The Moab City Council has made it easier for property owners to create additional living spaces on existing single-family home lots, following revised state law and attempting to address the continued housing shortage in the city.

An ordinance “amending the text of the Moab Municipal Code to allow accessory dwelling units in all residential zones” was first put before the council in October 2021, and was tabled multiple times and went through a legal review before it was approved at the Dec. 14 regular meeting. The code revision passed 4-1, with Councilmember Rani Derasary in dissent.

Accessory dwelling units are small independent living spaces on the same lot as a single-family home, typically in the form of mother-in-law buildings, basement apartments or an above-garage studio. The structures can be attached to the home or be a separate structure but use the existing infrastructure, like water and sewer, of the house.

This ordinance is intended to remove barriers that prevent more residents from building ADUs and to encourage residents to build ADUs for the purpose of creating more workforce housing.

Moab hadn’t updated its code governing ADUs since 2018, while the Utah State Legislature passed House Bill 82 this past year, which allows for more internal ADUs in single-family homes and adds enforcement provisions to ensure the apartments are not used as short-term rentals.

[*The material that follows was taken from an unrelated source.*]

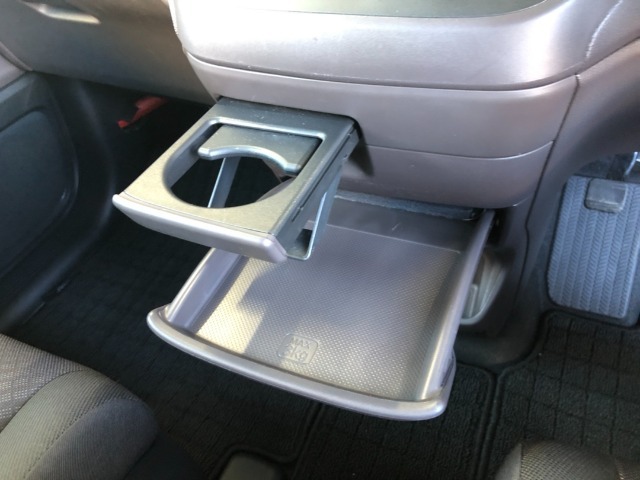 【ドリンクホルダー】こちらにドリンクホルダーがついています！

A handful of communities in Utah and Colorado have successfully promoted ADUs for workforce housing, including Salt Lake City, Park City, Durango, Crested Butte and St. George; examples from these communities have been brought before the council at previous meetings.

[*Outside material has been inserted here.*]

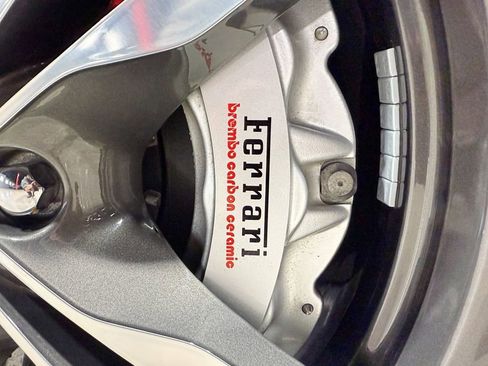 Used 2019 Ferrari Portofino image 36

At the Dec. 14 meeting, Assistant Planner Cory Shurtleff presented the most recent changes to the ordinance. A legal review created new definitions for ADUs: type 1, an external ADU, sometimes called a “mother-in-law” apartment; type 2, an internal ADU built separately from the main dwelling area, like a “two-family” dwelling such as a duplex; and type 3, an ADU inside an existing home.

Type 3 ADUs were newly defined by House Bill 82, which makes it much easier for homeowners to declare a portion of their existing home as an ADU. Such spaces are required to be within homes that are owner-occupied and must not be used for short-term rentals—the minimum lease length is three months, in an attempt to limit short-term rentals.

“It provides more options,” Shurtleff said. However, the council questioned how to manage the inspections and enforce the restrictions on type 3 ADUs.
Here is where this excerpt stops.